This suggests a game where I am given a sequence of short vectors (which I know ahead of time) and I get to choose whether to add or subtract each successive vector, with the goal of keeping the running total in some bounded region. Oh, and now I remember where I’ve seen this before! It’s Joel Spencer’s pusher-versus-chooser game: https://books.google.com/books?id=1fPRQS_zqukC&pg=PA32&lpg=PA32&dq=pusher+ch... But the theorem given in the book is for the L-2 norm, whereas what I’m asking about is for the L-infinity norm. I’ll ask Joel. Jim Propp On Thu, Oct 3, 2019 at 11:45 AM Andy Latto <andy.latto@pobox.com> wrote:
Consider the following constructive algorithm for determining the nth bit, given the choices already made for the first n-1 bits:
Compute the prediction accuracy for all million predictors on the first n-1 bits (order the predictors and choose the earliest tying predictor in this order to break ties), and see which one has a prediction accuracy furthest from .5. Choose the nth bit to make the accuracy of this predictor (very slightly) closer to .5.
My intuition says that this greedy algorithm works for all epsilon, but haven't been able to prove it (except for a single predictor, where the proof is trivial).
In the case of two predictors, it seems like the worst case is that at some point, one predictor is at (say) .550001 and the other is at .45, and from then on, any choice that makes the high predictor lower also makes the low predictor higher, so that you can't move one towards .5 without moving the other away from .5 But that just means that from that point on, both predictors are always making the same predictions. Then the greedy algorithm will alternate making the predictors wrong and right, and both will converge to .5, despite the bad things that happened at the beginning.
I haven't yet been able to make this intuition into a formal proof, but it convinces me, at least for two predictors, and probably for N.
Andy
On Thu, Oct 3, 2019 at 10:18 AM James Propp <jamespropp@gmail.com> wrote:
Good point. That strategy works not just against a million adversaries
but
against all of them at once!
Can anyone come up with something a bit more constructive?
Maybe instead of trying to trounce a million adversaries, we could think about trying to defeat just two.
Jim Propp
On Thu, Oct 3, 2019 at 9:40 AM Mike Stay <metaweta@gmail.com> wrote:
I want a (nonrandom) construction, not an existence proof.
I'm interpreting "construction" as metamathematical, not limiting the answer to constructive mathematics, and I'm interpreting this as "don't choose a bit string at random", not "don't use algorithmic randomness".
Chaitin's Omega number, like any algorithmically random real, has the property that the shortest program that outputs the first n bits of Omega has length greater or equal to n - c, where c depends only on the choice of prefix-free universal Turing machine. In the limit of large n, none of the bit predictors can do better than chance.

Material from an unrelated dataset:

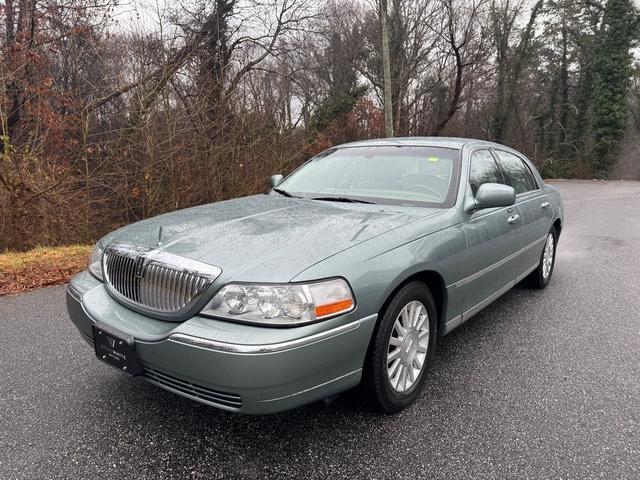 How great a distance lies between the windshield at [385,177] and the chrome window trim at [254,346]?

On Thu, Oct 3, 2019 at 5:44 AM James Propp <jamespropp@gmail.com> wrote:
Define a bit-guessing algorithm to be any algorithm that, given a
finite
string of bits as input, predict what the next bit will be; define the bit-guessing game as an adversarial game in which Player A chooses a bit-guessing algorithm, Player B chooses an infinite sequence of bits, and the score is the asymptotic density (maybe I should say upper density or lower density?) of the set of n’s for which A’s algorithm correctly predicts B’s nth bit.
Question: If Player B is given complete knowledge of the innards of a million bit-guessing algorithms, can B construct an infinite sequence of bits whose score lies between .49 and .51 for *all* of those algorithms? Of course by “a million” I mean “n”, and by .49 and .51 I mean one-half plus epsilon and one-half minus epsilon, with suitable quantifiers.
I want a (nonrandom) construction, not an existence proof.
We’ll allow B to consult an oracle that will answer questions about those million bit-guessing algorithms (e.g., the oracle will reveal the truth-status of the Riemann Hypothesis if that’s germane).
This is probably an old problem, but I’m not sure how to search for it.